### Task prompt:
Would you please transcribe, exactly as written, the lines of the entries below starting at the one that holds "used 2021 Jeep" and ending at the one that holds "Taurine 1000 mg", both included?

***** Data

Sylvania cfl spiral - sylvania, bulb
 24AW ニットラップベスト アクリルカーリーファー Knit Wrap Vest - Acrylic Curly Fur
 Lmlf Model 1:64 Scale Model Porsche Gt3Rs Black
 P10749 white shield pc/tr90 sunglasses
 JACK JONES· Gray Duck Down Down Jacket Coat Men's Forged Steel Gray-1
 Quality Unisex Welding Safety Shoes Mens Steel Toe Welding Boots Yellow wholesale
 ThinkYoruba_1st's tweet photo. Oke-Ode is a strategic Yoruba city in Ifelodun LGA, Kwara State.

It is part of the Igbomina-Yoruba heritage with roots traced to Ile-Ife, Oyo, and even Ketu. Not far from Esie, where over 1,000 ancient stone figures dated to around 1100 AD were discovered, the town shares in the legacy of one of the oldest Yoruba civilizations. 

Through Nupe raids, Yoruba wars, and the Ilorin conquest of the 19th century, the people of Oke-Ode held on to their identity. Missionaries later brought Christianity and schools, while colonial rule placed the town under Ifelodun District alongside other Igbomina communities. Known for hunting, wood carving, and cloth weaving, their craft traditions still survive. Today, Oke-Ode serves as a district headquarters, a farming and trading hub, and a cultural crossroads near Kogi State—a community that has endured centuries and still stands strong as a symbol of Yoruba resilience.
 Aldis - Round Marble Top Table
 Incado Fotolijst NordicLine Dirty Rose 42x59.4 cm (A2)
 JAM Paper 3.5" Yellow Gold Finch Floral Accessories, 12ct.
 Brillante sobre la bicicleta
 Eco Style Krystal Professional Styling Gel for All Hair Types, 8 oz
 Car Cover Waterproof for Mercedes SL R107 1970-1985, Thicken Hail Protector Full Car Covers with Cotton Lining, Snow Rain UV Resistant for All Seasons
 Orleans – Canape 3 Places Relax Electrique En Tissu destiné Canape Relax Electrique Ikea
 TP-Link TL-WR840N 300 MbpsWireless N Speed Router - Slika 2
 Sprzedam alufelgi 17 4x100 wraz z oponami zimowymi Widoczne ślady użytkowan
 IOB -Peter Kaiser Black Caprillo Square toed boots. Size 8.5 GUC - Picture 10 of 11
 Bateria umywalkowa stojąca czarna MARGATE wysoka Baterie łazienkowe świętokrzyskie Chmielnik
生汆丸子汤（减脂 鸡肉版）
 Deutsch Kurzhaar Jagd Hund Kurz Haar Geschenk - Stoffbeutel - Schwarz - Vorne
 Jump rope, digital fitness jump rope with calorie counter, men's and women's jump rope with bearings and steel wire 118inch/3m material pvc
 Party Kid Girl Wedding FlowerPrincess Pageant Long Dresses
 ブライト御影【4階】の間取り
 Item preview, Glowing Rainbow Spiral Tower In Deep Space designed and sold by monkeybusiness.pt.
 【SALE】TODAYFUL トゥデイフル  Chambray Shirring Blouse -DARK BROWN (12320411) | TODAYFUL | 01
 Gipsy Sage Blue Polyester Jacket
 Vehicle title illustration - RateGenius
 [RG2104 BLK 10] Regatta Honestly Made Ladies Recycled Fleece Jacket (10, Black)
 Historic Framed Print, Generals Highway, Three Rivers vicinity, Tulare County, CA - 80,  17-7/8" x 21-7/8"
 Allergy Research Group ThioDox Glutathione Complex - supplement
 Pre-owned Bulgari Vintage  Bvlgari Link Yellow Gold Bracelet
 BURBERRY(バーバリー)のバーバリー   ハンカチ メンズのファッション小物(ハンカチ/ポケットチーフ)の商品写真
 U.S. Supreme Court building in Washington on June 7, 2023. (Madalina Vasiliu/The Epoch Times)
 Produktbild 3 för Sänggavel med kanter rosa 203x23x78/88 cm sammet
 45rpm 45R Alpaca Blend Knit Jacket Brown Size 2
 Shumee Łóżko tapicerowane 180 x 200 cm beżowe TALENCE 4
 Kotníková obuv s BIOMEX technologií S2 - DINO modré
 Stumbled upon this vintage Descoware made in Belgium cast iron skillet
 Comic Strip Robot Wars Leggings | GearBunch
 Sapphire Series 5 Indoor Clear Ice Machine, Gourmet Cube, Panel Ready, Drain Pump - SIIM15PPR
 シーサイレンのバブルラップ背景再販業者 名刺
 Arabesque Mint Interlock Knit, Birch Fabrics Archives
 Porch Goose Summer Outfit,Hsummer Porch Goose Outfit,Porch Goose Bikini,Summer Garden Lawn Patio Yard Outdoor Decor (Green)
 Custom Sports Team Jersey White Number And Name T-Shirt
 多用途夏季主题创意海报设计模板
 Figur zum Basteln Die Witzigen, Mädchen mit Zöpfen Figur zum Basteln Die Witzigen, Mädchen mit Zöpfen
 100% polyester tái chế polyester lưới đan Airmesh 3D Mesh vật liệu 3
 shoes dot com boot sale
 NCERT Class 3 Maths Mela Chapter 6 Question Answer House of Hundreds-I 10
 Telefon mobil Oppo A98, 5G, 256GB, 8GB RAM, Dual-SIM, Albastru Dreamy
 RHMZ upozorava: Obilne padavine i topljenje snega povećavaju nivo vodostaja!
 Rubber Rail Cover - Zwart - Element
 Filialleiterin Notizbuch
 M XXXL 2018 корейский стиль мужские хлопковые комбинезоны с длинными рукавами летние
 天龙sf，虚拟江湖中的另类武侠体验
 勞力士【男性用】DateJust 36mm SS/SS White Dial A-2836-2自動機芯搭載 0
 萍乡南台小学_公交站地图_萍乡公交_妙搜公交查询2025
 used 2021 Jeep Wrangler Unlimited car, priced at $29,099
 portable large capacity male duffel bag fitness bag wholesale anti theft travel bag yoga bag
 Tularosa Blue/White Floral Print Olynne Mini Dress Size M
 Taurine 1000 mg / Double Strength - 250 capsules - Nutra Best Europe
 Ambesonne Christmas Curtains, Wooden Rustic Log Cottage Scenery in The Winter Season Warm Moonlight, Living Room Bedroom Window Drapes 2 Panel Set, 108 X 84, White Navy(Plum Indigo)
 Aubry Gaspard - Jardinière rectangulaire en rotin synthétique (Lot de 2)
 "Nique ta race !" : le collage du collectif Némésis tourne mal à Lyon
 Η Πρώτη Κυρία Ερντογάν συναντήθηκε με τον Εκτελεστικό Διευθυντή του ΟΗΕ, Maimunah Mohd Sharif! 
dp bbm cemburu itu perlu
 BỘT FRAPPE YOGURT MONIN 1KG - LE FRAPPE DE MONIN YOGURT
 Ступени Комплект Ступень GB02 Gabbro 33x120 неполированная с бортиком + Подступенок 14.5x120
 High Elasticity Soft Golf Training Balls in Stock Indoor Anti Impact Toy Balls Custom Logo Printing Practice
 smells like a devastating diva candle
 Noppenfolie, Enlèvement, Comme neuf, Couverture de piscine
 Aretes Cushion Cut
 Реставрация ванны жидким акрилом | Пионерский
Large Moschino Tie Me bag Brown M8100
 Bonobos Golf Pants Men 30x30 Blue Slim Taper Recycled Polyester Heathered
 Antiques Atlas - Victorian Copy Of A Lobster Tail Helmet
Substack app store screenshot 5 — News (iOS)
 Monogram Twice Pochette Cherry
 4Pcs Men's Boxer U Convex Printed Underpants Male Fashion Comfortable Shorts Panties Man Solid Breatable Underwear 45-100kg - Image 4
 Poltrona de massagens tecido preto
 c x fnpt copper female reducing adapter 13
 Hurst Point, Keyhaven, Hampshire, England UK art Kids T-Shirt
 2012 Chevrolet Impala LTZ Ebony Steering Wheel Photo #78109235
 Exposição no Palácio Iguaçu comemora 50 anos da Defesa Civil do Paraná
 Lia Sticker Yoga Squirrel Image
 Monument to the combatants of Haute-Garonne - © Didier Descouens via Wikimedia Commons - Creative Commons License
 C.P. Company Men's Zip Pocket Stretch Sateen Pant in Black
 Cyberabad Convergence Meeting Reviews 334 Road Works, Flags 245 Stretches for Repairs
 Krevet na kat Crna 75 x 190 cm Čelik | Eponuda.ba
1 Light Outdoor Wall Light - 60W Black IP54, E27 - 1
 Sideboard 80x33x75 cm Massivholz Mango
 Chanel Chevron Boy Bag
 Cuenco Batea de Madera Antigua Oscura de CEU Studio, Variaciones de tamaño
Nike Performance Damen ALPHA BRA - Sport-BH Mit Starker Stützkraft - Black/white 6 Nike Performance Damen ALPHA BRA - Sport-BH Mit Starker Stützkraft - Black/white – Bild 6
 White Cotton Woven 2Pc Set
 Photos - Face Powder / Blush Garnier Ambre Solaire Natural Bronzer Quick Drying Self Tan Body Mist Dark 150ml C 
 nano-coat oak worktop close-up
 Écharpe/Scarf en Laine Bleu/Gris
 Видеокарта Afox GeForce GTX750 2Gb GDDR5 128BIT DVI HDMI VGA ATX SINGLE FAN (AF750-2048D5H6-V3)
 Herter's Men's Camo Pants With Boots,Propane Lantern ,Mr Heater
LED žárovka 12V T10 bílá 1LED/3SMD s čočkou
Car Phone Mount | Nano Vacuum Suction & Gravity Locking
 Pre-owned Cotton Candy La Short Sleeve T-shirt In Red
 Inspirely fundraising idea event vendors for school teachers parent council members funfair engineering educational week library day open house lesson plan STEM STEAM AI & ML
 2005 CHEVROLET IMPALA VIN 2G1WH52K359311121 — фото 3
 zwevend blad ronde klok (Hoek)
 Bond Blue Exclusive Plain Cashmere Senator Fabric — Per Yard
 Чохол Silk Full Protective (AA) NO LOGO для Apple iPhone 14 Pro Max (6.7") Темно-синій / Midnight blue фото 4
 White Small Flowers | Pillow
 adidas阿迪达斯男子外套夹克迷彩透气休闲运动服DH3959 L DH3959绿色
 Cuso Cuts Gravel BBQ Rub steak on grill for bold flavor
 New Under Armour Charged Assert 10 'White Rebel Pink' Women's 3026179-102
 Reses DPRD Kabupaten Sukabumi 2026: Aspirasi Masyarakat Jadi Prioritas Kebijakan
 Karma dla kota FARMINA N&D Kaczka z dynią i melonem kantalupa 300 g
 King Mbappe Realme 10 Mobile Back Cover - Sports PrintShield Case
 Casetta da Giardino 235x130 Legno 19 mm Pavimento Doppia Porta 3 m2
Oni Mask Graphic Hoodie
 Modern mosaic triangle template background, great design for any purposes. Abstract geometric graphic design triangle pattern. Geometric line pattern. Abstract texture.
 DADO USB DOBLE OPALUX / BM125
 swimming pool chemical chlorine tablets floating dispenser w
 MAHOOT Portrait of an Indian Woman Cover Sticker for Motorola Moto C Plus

**********

### Expected answer:
 used 2021 Jeep Wrangler Unlimited car, priced at $29,099
 portable large capacity male duffel bag fitness bag wholesale anti theft travel bag yoga bag
 Tularosa Blue/White Floral Print Olynne Mini Dress Size M
 Taurine 1000 mg / Double Strength - 250 capsules - Nutra Best Europe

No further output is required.